• _Your task_: When you copy the material below, keep every line exact and omit the pictures.

• _Supplied information_:
Content starts
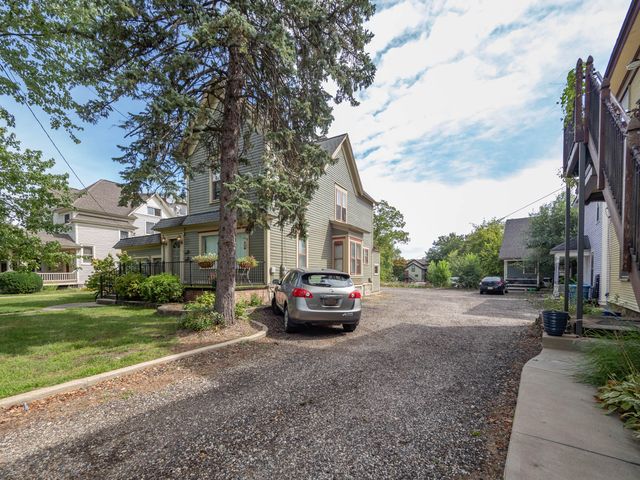 110 Woodward Avenue, Kalamazoo City, MI 49007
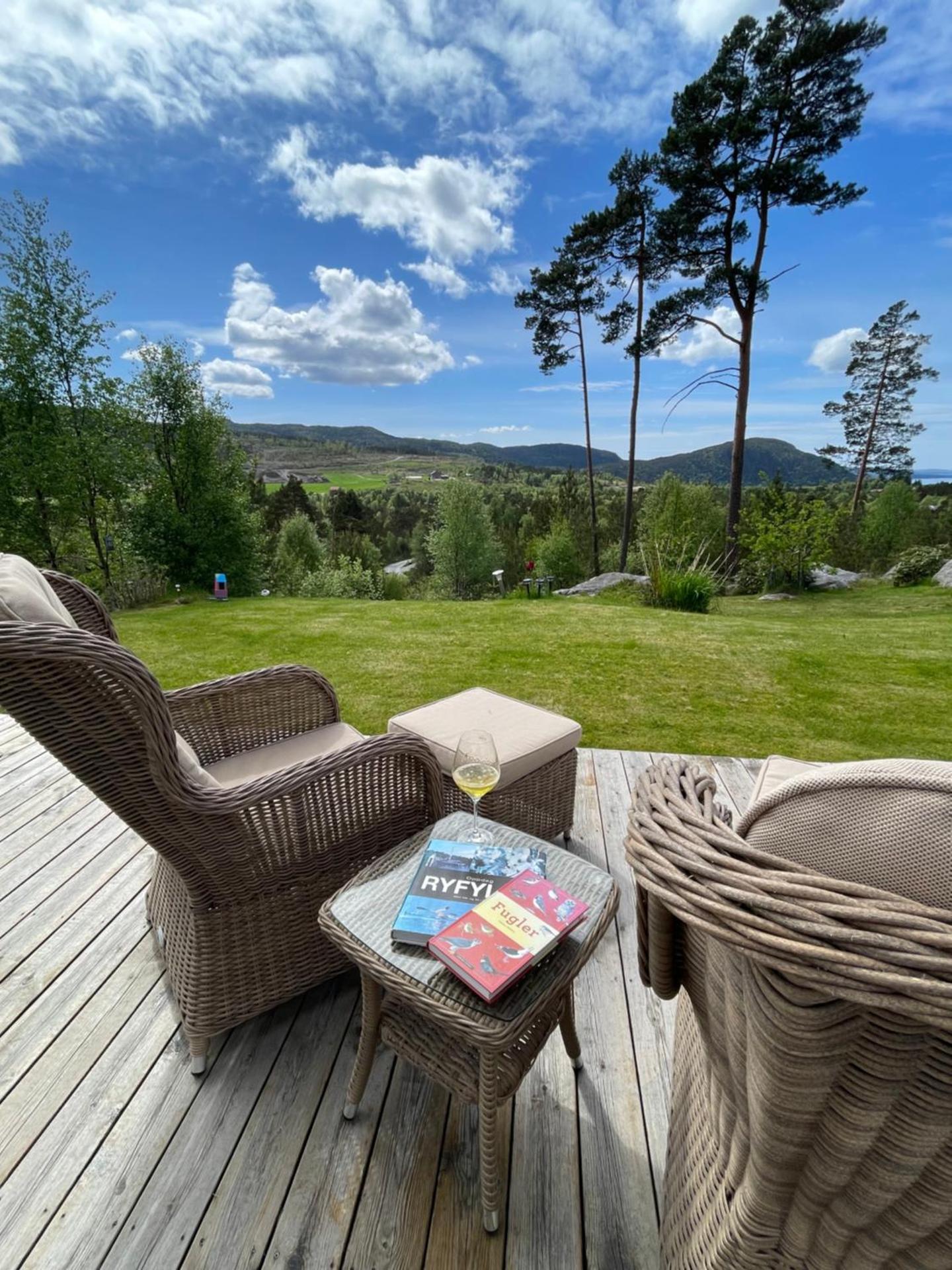 Cabin near Pulpit Rock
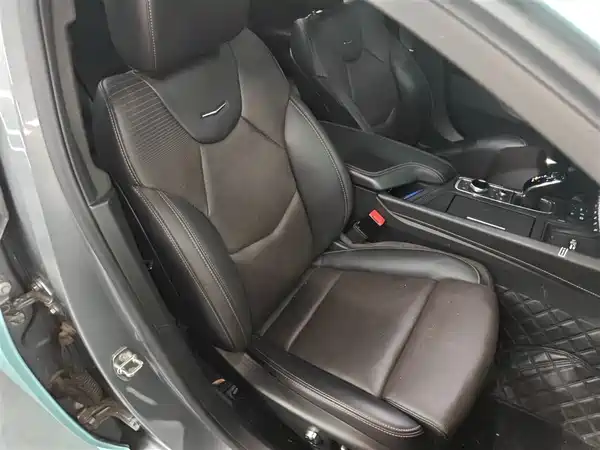 Cadillac CT5 2023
Content ends
• _Answer for this exercise_:
 110 Woodward Avenue, Kalamazoo City, MI 49007
 Cabin near Pulpit Rock
 Cadillac CT5 2023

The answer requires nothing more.